Of Estonia’s approximately 1,500 active startup-sector companies, 43% are now linked to e-residents. In 2024 and 2025 alone, e-residents co-founded 77 new startups, predominantly in IT, with software development as the most common activity. Across all company types — not just startups — e-residents established a record 4,818 Estonian companies in 2024, up 5% on the previous year.
The programme’s cumulative economic footprint has grown substantially. By mid-2025, the total direct economic impact had surpassed €340M, up from €244M recorded by 2024. E-residents also generated €15.5M in revenue for local service providers — accountants, lawyers, and virtual office companies — in 2024, a 36% increase on 2023.
An unmatched offer
Liina Vahtras, Managing Director of e-Residency and board member of Enterprise Estonia (EIS), says the focus is now squarely on attracting companies with serious growth ambitions. “Estonia is the preferred choice for many bright-minded startup entrepreneurs, thanks to e-residency — you can launch a company quickly, entirely digitally, and with minimal bureaucracy.

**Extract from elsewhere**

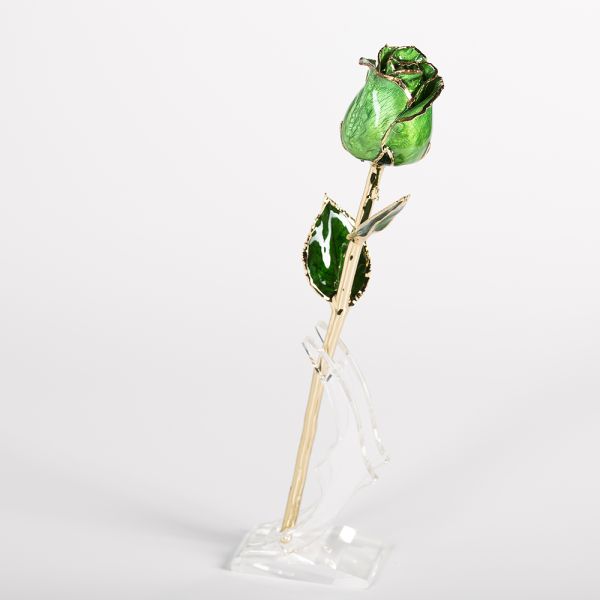 Gold Plated Rose  Wholesale Green Fresh Rose with Stem Present  Rose Gift Valentine Mother Day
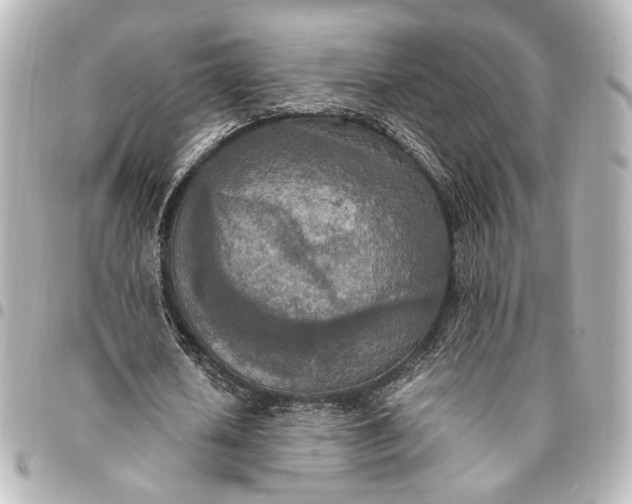 X0000095520626200712281500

No other country offers a comparable level of convenience, especially when founders are spread across different countries and the goal is to operate internationally from day one,” she said.
The investment numbers reflect that ambition. In 2025, e-resident-linked startups raised notable rounds: AI headshot platform Betterpic.ai (founded by a Belgian e-resident) pulled in $2.3M from international funds, while AI agent development software Co-one raised over €1M. Payment solutions firm Cino — which got its first break on stage at tech conference Latitude59 in 2023 — closed a €3.5M round.
The momentum has carried into 2026. In the first quarter, seven of the 18 Estonian startups that raised funding were e-residency-connected, contributing to a combined sector total of over €91M. Among them: EdTech firm Flashka (two of its three founders are e-residents, €1M raised), document validation platform Validfor (over €1M), and deep-tech company Softquantus (over €500,000). Defence-tech firms Farsight Vision, MaXon Systems, and Babayte — several founded by Ukrainian entrepreneurs — also closed rounds, though exact figures were not disclosed in all cases. Farsight Vision alone raised over €7M from international and Estonian funds.
Madis Lehtmets, CEO of the Estonian Private Equity and Venture Capital Association (EstVCA), says the quality of foreign-founded companies is increasingly attracting domestic investors. “Foreign founders are not merely an addition to our ecosystem — they are a growth engine. We are now seeing something new: proven foreign founders finding their way to Estonian investors ever more quickly, including Ukrainians who have built genuinely resilient companies under difficult circumstances,” he said.
The defence and dual-use technology segment is drawing particular attention. Vahtras noted that investment into AI and defence-related startups shows no signs of cooling, and that EIS has now introduced an innovation loan allowing technology developers to borrow up to €5M to accelerate new development projects.
The programme’s pipeline also points to continued internationalisation. At this year’s Latitude59 startup pitching competition, 67 of the 465 applicants had at least one e-resident team member — and e-resident-founded Getpin made the conference’s top seven shortlist.
Since the programme’s launch, more than 121,600 people from 185 countries have been granted e-resident status. E-residents now account for approximately 1 in 5 new Estonian companies registered each year.